Thomas M. Blumenthal, St. Louis, for Respondents.

William S. Daniel, St. Louis, for Intervenor.

LAURA DENVIR STITH, Judge.

Meramec Valley Bank ("Bank") appeals a $675,000 judgment entered on a jury verdict against it and in favor of Joel C. Bianco and Joel Bianco Kawasaki Plus, Inc. ("Bianco") on Bianco's claim that the Bank made fraudulent representations in the course of its negotiations over the Bank's replevin of Bianco's motorcycle dealership inventory and receivables. The Bank argues that the trial court had no subject matter jurisdiction over the fraud claim because it should have been brought as a compulsory counterclaim in the Bank's replevin action filed two months before the fraud action was filed. The Bank also argues that Bianco failed to prove its claim of fraudulent misrepresentation.

A court does not lack subject matter jurisdiction over a claim merely because it should have been raised as a compulsory counterclaim in a prior-filed lawsuit. Rather, the compulsory counterclaim rule is an affirmative defense, in the nature of res judicata, that is barred if not timely raised. It is not a stealth defense, and a party cannot sit on its rights under this rule. The trial court did not err in rejecting the Bank's assertion of this affirmative defense, for the Bank failed to assert the defense in the second action until the first action had proceeded to judgment. This was too late on the facts of this case. The Bank's alternative claim that the evidence did not support submission of Bianco's fraud claim is also rejected. Affirmed.

I. FACTUAL BACKGROUND

Bianco operated a motorcycle and sports equipment dealership in St. Louis County. It borrowed money from the Bank to finance its operations, giving the Bank two promissory notes and putting up its business receivables inventory, furniture and other property as collateral. In 1997, it fell behind in its payments to the Bank and other creditors and sought to sell the business. Although negotiations were still pending, the Bank decided not to wait to assert its claims. On October 3, 1997, it filed an action seeking to recover on the notes and to replevin the collateral (the "replevin action").

On October 6, 1997, the sheriff, a moving company and bank representatives began replevin of Bianco's property. Bianco tried to win a delay from the Bank so that it could consummate the sale of its business and repay the Bank and other creditors from the proceeds. Bianco ultimately agreed to provide additional collateral in order to win two days delay on the replevin. In return, according to Bianco's evidence, the Bank agreed in a "Standstill Agreement" to halt the replevin so that Bianco and its creditors and the motorcycle manufacturers could arrange a deal for sale of the business. The Bank also agreed to take part in the negotiations and make a substantial effort to resolve the sale of the business. The negotiations were unsuccessful, and the replevin continued. The business was ultimately sold, but not on favorable terms.

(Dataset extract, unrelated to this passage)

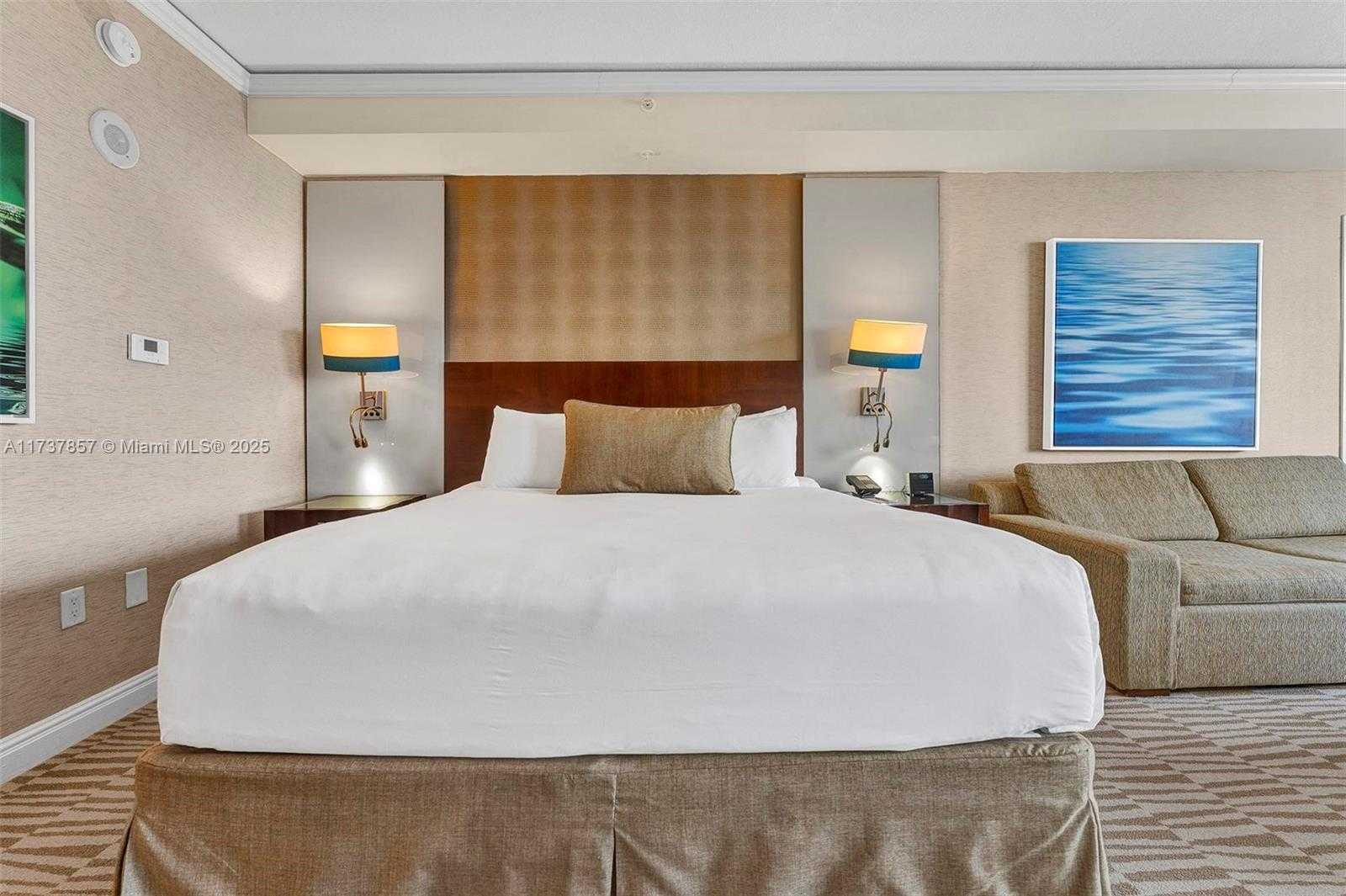 Small Image of 18001 Collins Ave, Sunny Isles Beach, FL 33160, USA Number 16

The Bank blamed Bianco, but Bianco blamed the Bank and sued it for fraud in December 1997 (the "fraud action"). It presented evidence that the failure to sell the business prior to replevin was due to the Bank's failure to act in good faith, including its decision to proceed with the replevin while negotiations were pending, and that the Bank had not acted in good faith or intended to keep its promises at the time it made them.

The Bank asserted various defenses to this fraud action in its answer filed in February 1998, but it did not assert that the claim was barred by the compulsory counterclaim rule, although it was aware that its replevin action was pending at the time that Bianco filed the fraud action. It also was aware that Bianco did not file any answer to the replevin claim that was pending so that the Bank could obtain the deficiency left after replevining the property at the motorcycle dealership. Due to this failure, Bianco was in default, and on November 24, 1997, the Bank requested and the court entered an interlocutory order of default in the replevin action.

Bianco had not answered in the replevin action because its attorneys were unaware that service had even been made in that action as no return of service had been filed when Bianco's attorney checked the file. Accordingly, it did not receive notice of the order of default. As the Bank alerted no one to the fact that two cases were pending, both remained on file for over a year, until February 1999, when, still without notice to Bianco, a hearing was held in the replevin action on the interlocutory order of default. On March 4, 1999, the court entered a final judgment of default against Bianco in the replevin action. Only then did Bianco receive notice of the prior entry of an interlocutory order of default in the replevin action, and of the entry of the judgment of default. Bianco's motion to set aside the default was denied, and it appealed.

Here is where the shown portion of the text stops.